Liverpool boss Arne Slot has rejected comparisons between the pressure of this season’s title race and the Reds’ victorious 2019/20 Premier League win.
Slot has led his side seven points clear at the top of the table in his first season at the helm with 13 games to go and will extend that lead to double figures if they can beat Aston Villa at Villa Park on Wednesday.
The Reds’ form has been impressive, with a Carabao Cup final appearance to come next month and Liverpool also topping the Champions League group phase.
But it still does not quite reach the heights of the 2019/20 season, where they had dropped only two points all season by this point.
That gave them a 25-point advantage over their nearest challengers, Manchester City, and despite going on to lose three of their final 11 games, Jurgen Klopp’s side lifted the trophy by 18 points.
Several first-team regulars, including Alisson, Virgil van Dijk, Andrew Robertson, Trent Alexander-Arnold and Mohamed Salah remain at Anfield from that victorious season.
But speaking ahead of Wednesday’s trip to Villa Park, Slot said the advantage of such a huge lead, far bigger than any Liverpool have come close to this season, meant it was difficult to compare the pressure Klopp’s side faced with a tighter title race this time around – particularly as supporters were largely not permitted into stadiums once the season resumed during the Covid pandemic.
“It helps if a player or a team already won something but I don’t make that too big because you still have to play for it.

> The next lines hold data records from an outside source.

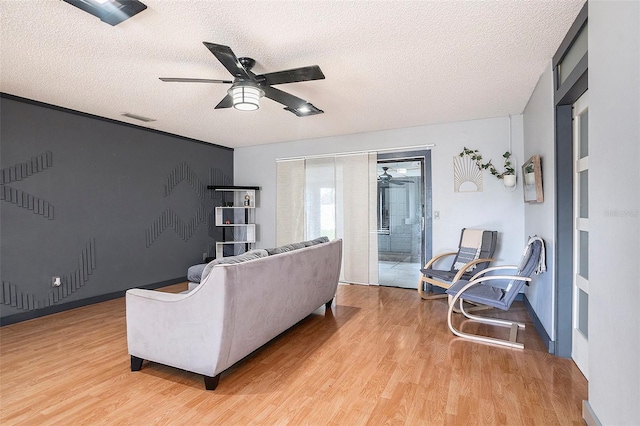 15906 Country Farm Pl, Tampa, FL 33624 - living area with ceiling fan, light wood finished floors, and a textured ceiling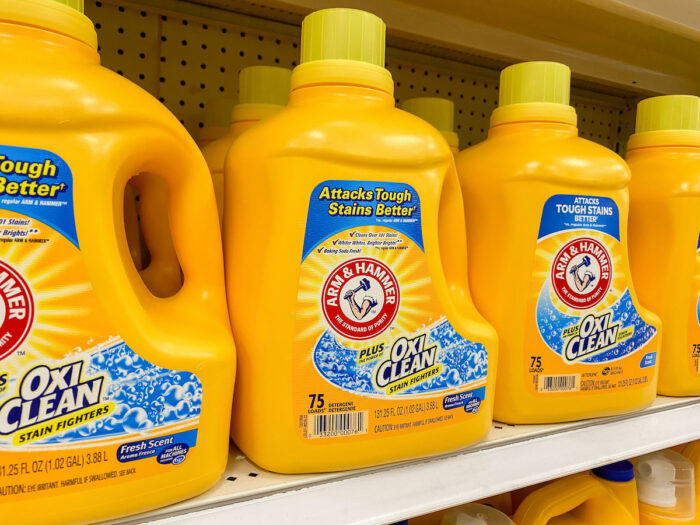 Bottles of Arm and Hammer Laundry Detergent on a store shelf.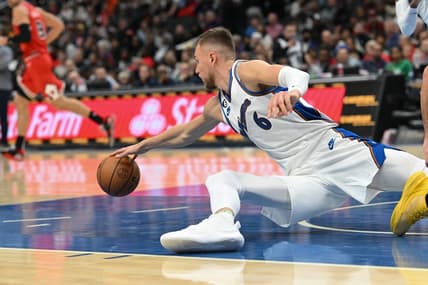 Oct 21, 2022; Washington, District of Columbia, USA;  Washington Wizards center Kristaps Porzingis (6) dives for a loose ball during the second half against the Chicago Bulls  at Capital One Arena. Mandatory Credit: Tommy Gilligan-USA TODAY Sports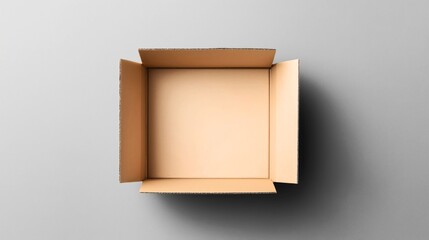 Top view of an open empty cardboard box with flaps extended on a neutral background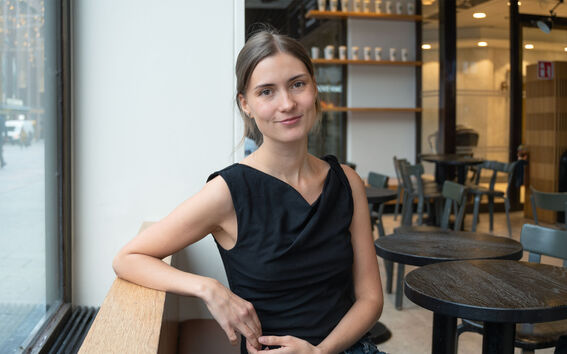 En person i svart ärmlös topp sitter på ett kafé nära ett fönster. Tomma bord och stolar syns i bakgrunden.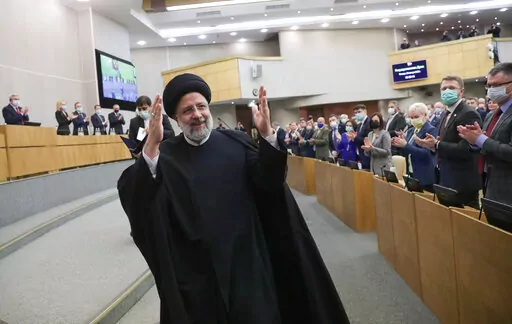 In this handout photo released by The State Duma, The Federal Assembly of The Russian Federation Press Service, Iranian President Ebrahim Raisi gestures after delivering his speech at the State Duma, the Lower House of the Russian Parliament in Moscow, Russia, Jan. 20, 2022. Russia’s war on Ukraine has exposed just how much Iran has tilted toward Moscow in recent years. Among ordinary Iranians, there is a great deal of sympathy for Ukraine. (The State Duma, The Federal Assembly of The Russian 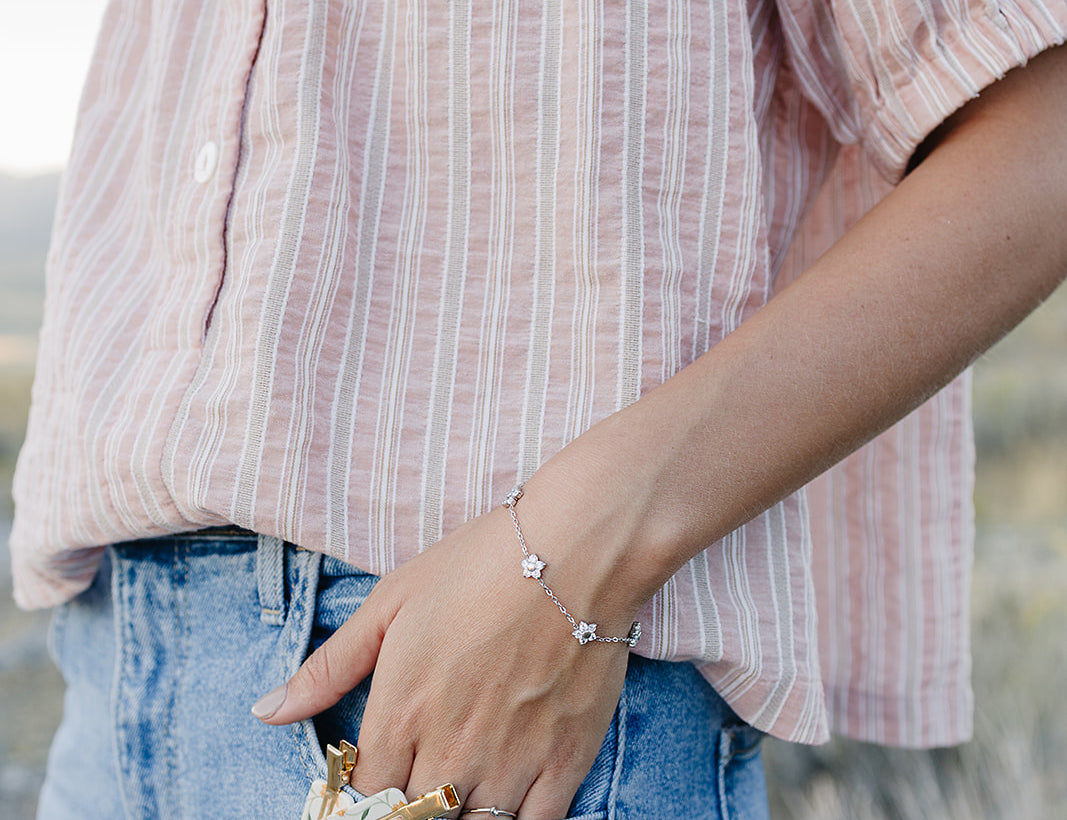 Desert Sol Wildflower Daisy Chain Bracelet in silver with Apricot Floral snap clips tucked in a jeans pocket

You can’t compare circumstances,” Slot said.
“The ones who won the league in corona time, without our fans in the stadium, they were 25 points ahead. So you can hardly talk about pressure then.
“That said, the kind of manager I am, if I was 10 games off and 25 points ahead, I’d still feel we had to win two!
“But we do lean on the players. They have to show up, put in the performances, but not in the manner of today or tomorrow that they have to present a meeting on how to deal with pressure or anything like that. That’s not how it works.
“We try to prepare them, I give them a pre-match meeting, but from that moment onwards you lean on them.
“It’s about how much work they want to put in, how well they execute the game plan and do they adapt to what the other team does?”
Slot was questioned whether the Reds’ narrow win over lowly Wolves on Saturday had been down to nerves, after giving away a late equaliser against Everton last week and exiting the FA Cup to Plymouth Argyle earlier this month.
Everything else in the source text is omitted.